Stamp collecting does not end with the basic terminology. As you become more sophisticated in the activity, you may be motivated to begin visiting stamp dealers and stamp shows.
You will be meeting some symbols – usually a symbol such as an “asterisk” or acronym (two to three letters) that are used by stamp dealers.
Used and unused stamps have symbols: “0” for used; “*” for unused, and “**” for unused, never unhinged. These symbols don’t have any mystery to them. When a stamp is cancelled (post office puts a mark on the stamp), then it is considered used. If it wasn’t cancelled, then the stamp is unused.
Have you ever licked the other side of a stamp so you could affix it to your envelope and then mail it? Did licking it ever leave a pleasant or unpleasant taste on your tongue? Believe it or not, gum plays a prominent part in assessing the value of a stamp. A stamp’s gum condition can be characterized with the following letters:
NH - Never hinged: this means the stamp has never had a hinge applied to it. NH can also mean that the gum must be in like condition with no marks of any kind.

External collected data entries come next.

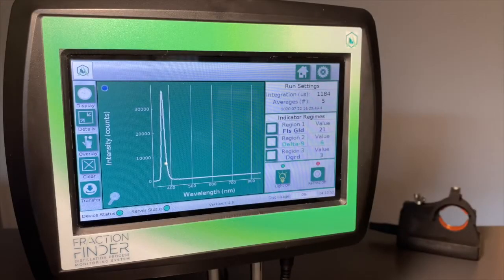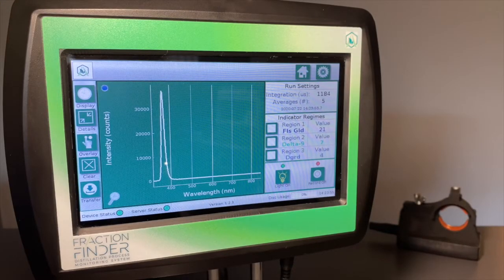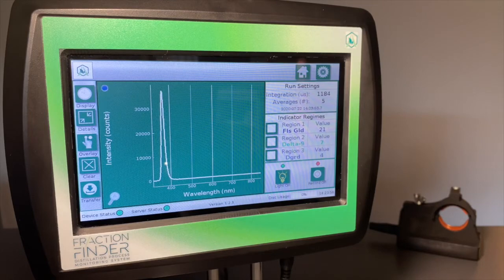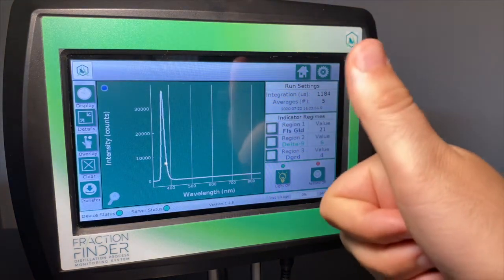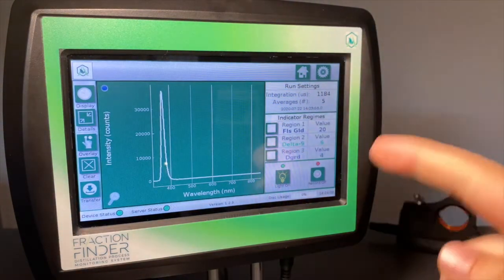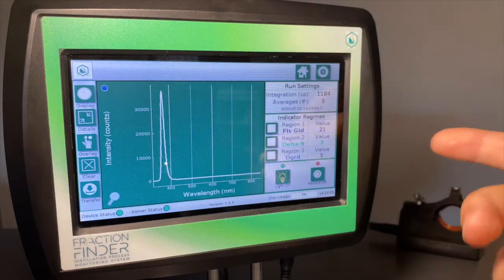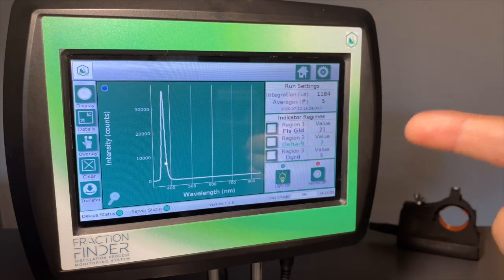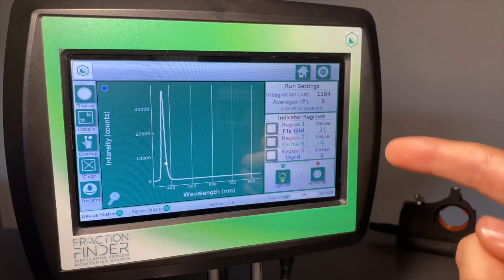So this video is going to go over setting you up for success so that you can successfully track CBD or track Delta 9 and really get the best most precise separations possible.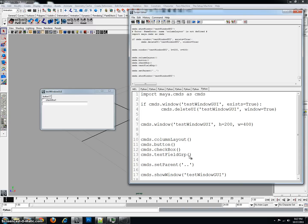Sorry about that, screencast only allows you to do 15 minutes per video, so I just reached the 15 minute threshold. But anyway,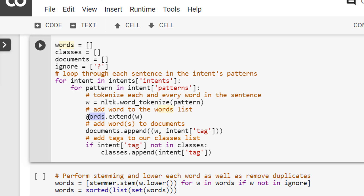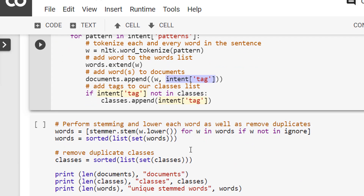I'm also adding a combination of the words present in the pattern section and their corresponding tags into the `documents` list. Lastly, I'm storing the tags as `classes` — if the intent tag is not already in `classes`, I append it, so each tag is added once to the classes list.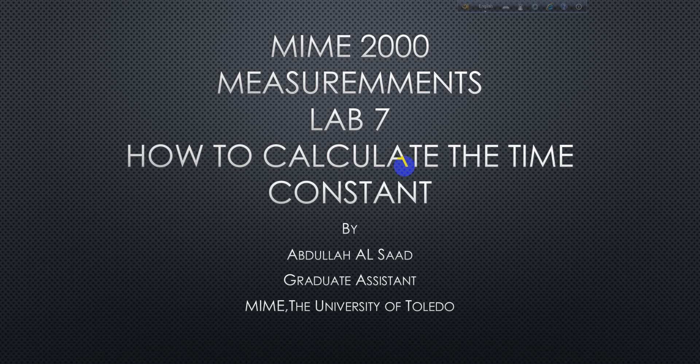Hello everyone, I'm Abdoulaye Al-Sahd, a graduate student of MIME from the University of Toledo. As part of your class report requirement, you need to provide the time constant, so I'm going to show you how to find out the time constant using Microsoft Excel. This will be real quick.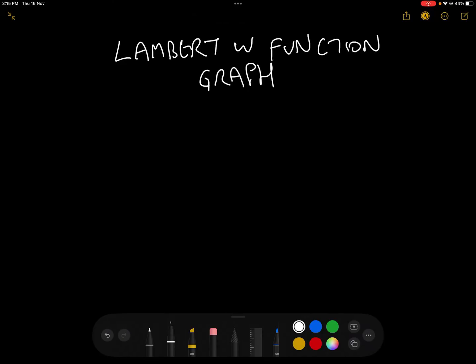Today we're going to look at the simple guide to the Lambert W function graph. Let's get stuck right into it and start at the beginning. What does the Lambert W function do? Well, basically and most fundamentally, it allows us to solve the equation y equals x e to the x.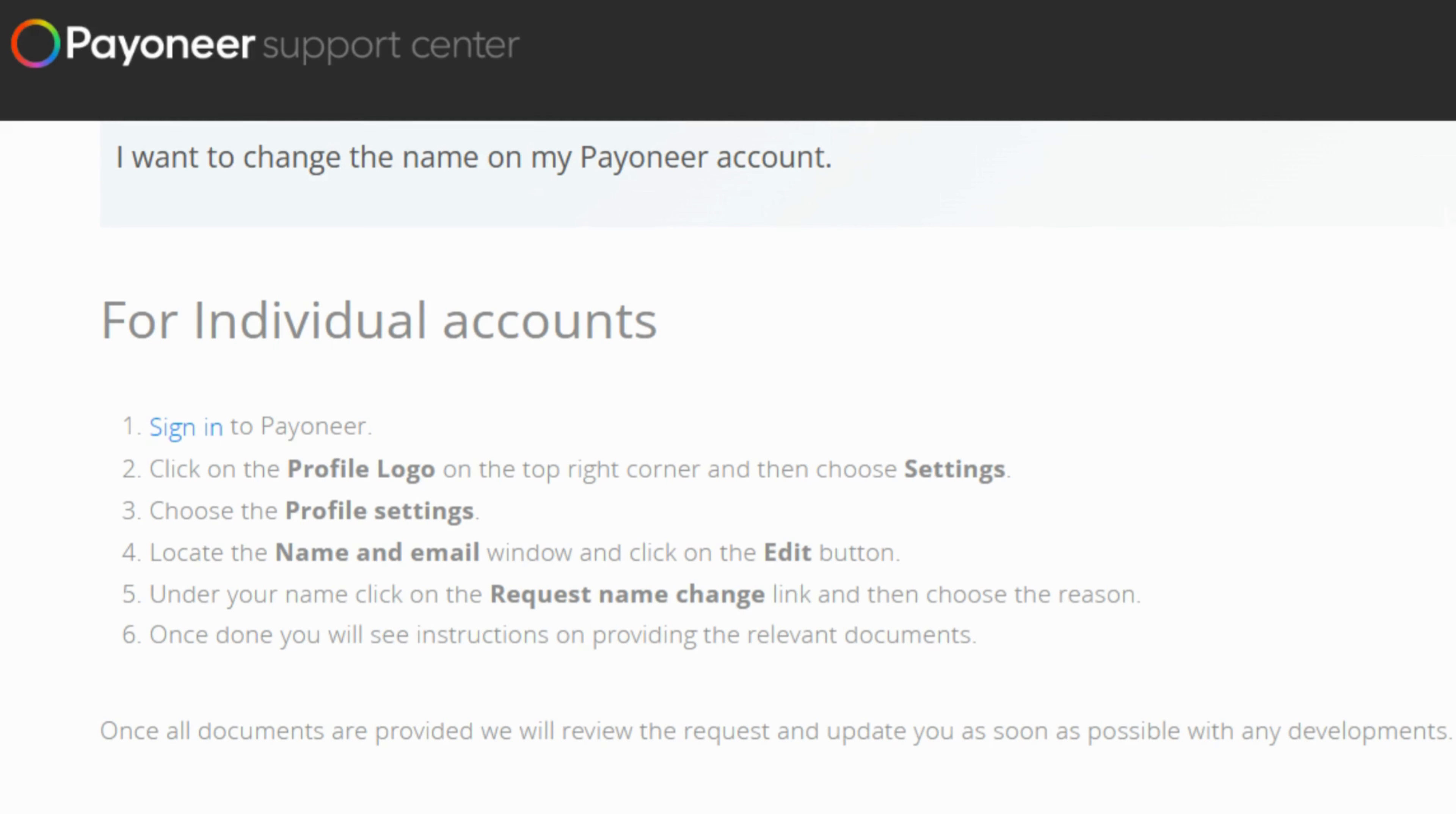So just follow the instructions for submitting these documents carefully and it might involve scanning or taking pictures of your IDs and uploading them securely to Payoneer.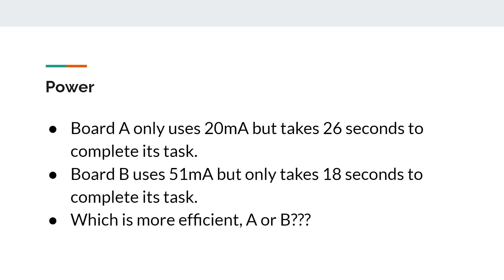So here's the big question: if board A uses 20 milliamps but takes 26 seconds to complete the task, and board B uses 51 milliamps but only takes 18 seconds, which one is more efficient overall? Some run quickly but use more power, then turn off sooner. Others run longer but at lower power. It's a tortoise and the hare scenario. Let's look at the numbers.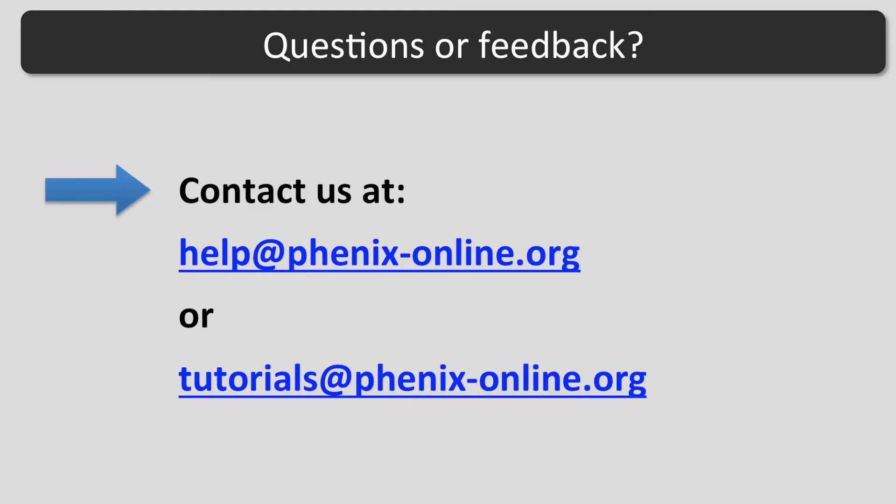I hope this tutorial was helpful. If you have any questions, contact us at help@phenix-online.org or tutorials@phenix-online.org.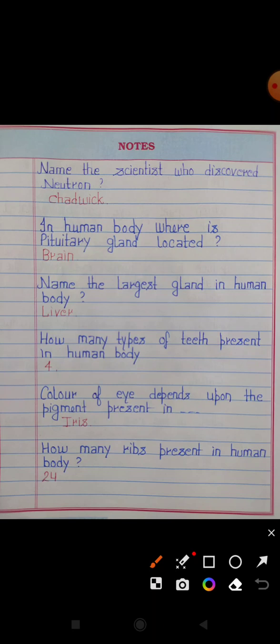In the human body, where is the pituitary gland located? Answer: Brain. Name the largest gland in the human body. Answer: Liver.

H - Hinged: the gum has had a hinge applied to it.
LH - Lightly hinged: the mark is small or minor after the gum has had a hinge applied to it.
HH - Heavily hinged: the mark is very conspicuous after the gum has been hinged.
HR - Hinge Remnant: a portion of the hinge applied to the gum was difficult to remove that it was left in place, attached to the stamp.
DG - Disturbed gum: the gum was damaged except by hinging. Fingerprints, glazing or bubbling can contribute to damage. - The gum has been damaged in some way other than hinging.
NG - No gum: there is no gum, stamp is unused.
Many other symbols are used but the above are the more commonly used. Also, you may encounter the word “centering” which is another determinant in a stamp’s value.